At the peak of the outages Feb. 16, Jones said AEP Texas – which has customers spread across 97,000 square miles – recorded 468,000 meters were without power. Williams said 7,500 of SPEC’s 11,600 customers spread over nine counties were without electricity. 

ERCOT spokesman Leslie Sopko said it was not ERCOT who was flipping the switches.

“ERCOT does not manage rotating and/or extended, controlled outages such as the ones experienced during the extreme cold weather event,” she said. “We instruct the local utilities on how much needs to be turned off, and then they implement their own plans. Unfortunately, due to the very large amount of power that needed to be shed to preserve the electric system, the utilities were not able to rotate the outages. This is something that will be discussed moving forward, especially because of the devastating impact it had on Texans.”

ERCOT has come under intense scrutiny in the aftermath of the winter storm, particularly because of the many deaths attributed to the event. Many of those who died froze to death in their homes according to media reports. The Texas Tribune reported March 25 that the number of deaths statewide that were blamed on the storm is 111.
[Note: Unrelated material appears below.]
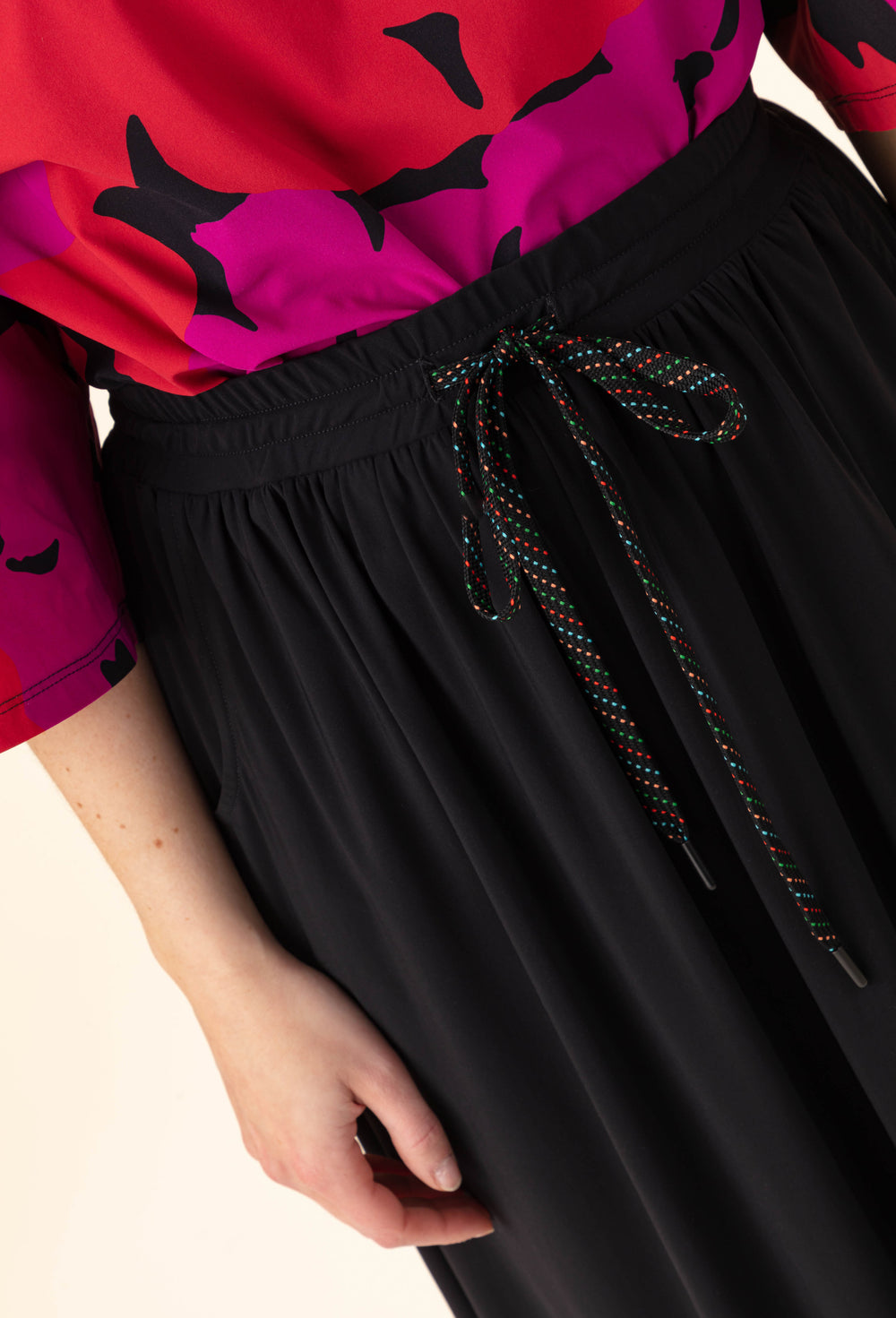 Jupe Siegrid en jersey technique noire 4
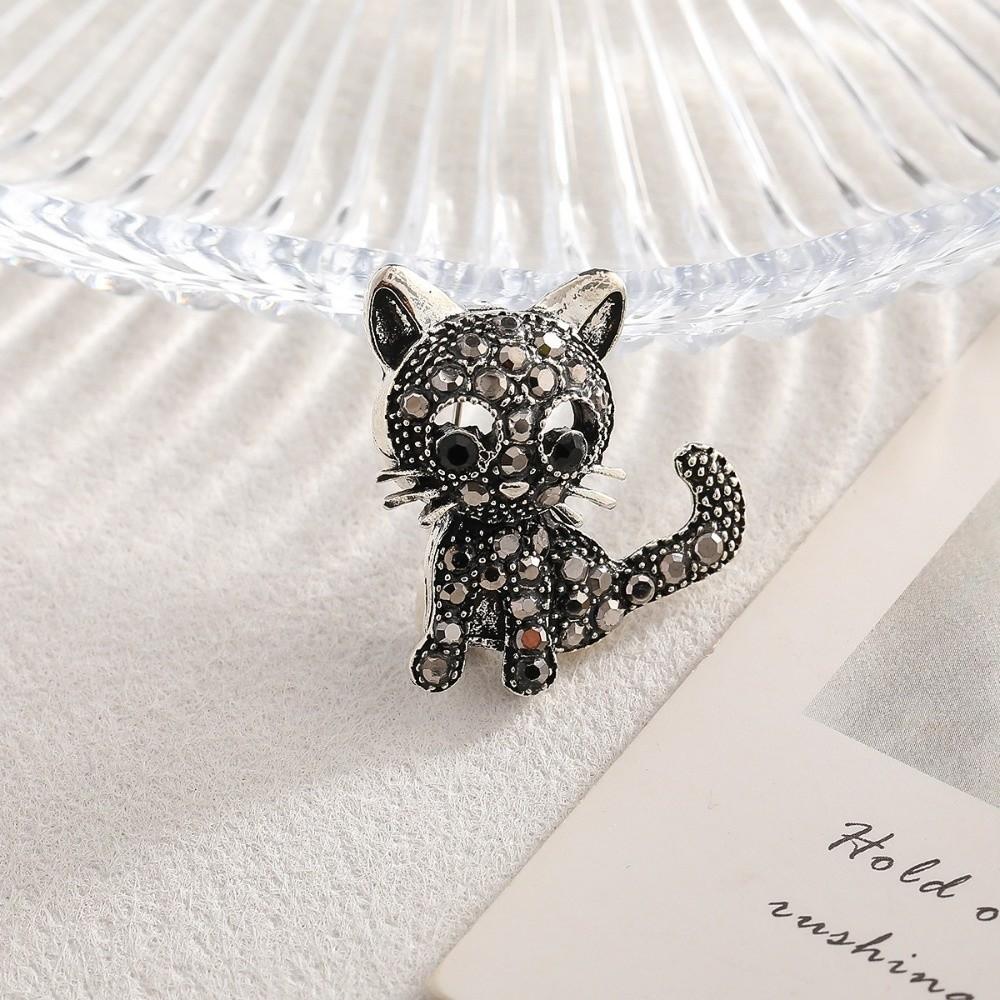 Cute Crystal Cat Brooches Zircon Vintage Brooches Suits Accessories Cat Badge Pins Ornament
By Feb. 18, most customers of both AEP Texas and SPEC had their power. Williams said that in total, the ERCOT mandated outages lasted 70 1/2 hours, compared to just seven hours during the winter storm event in 2011. Looking back, she said SPEC would have liked for there to have been better communication from ERCOT, which would have helped SPEC better convey the seriousness of the situation with its customers.

“In all fairness, they didn’t expect it to be this bad either,” she said.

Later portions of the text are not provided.